[Scraped caption text data]
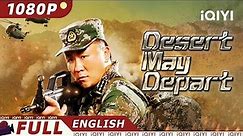【ENG SUB】Desert May Depart | Action, Drama, Adventure | Chinese Movie 2024 | iQIYI Movie English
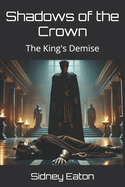 Shadows of the Crown: The King's Demise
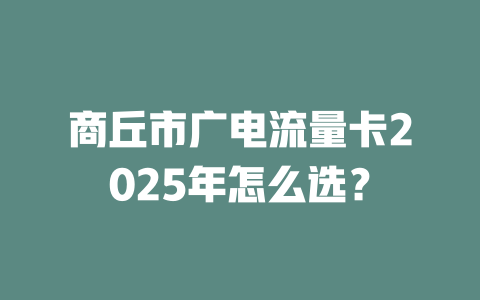 商丘市广电流量卡2025年怎么选？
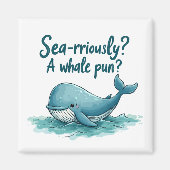 Adorable "Sea rrious? Ein Whale Pun?" Ocean Design Magnet (Vorne)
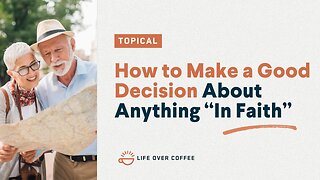 How to Make a Good Decision About Anything “In Faith”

## [What the task requires]
Once the pictures are set aside, the remaining data must be transcribed exactly.

## [Written solution]
【ENG SUB】Desert May Depart | Action, Drama, Adventure | Chinese Movie 2024 | iQIYI Movie English
 Shadows of the Crown: The King's Demise
 商丘市广电流量卡2025年怎么选？
 Adorable "Sea rrious? Ein Whale Pun?" Ocean Design Magnet (Vorne)
 How to Make a Good Decision About Anything “In Faith”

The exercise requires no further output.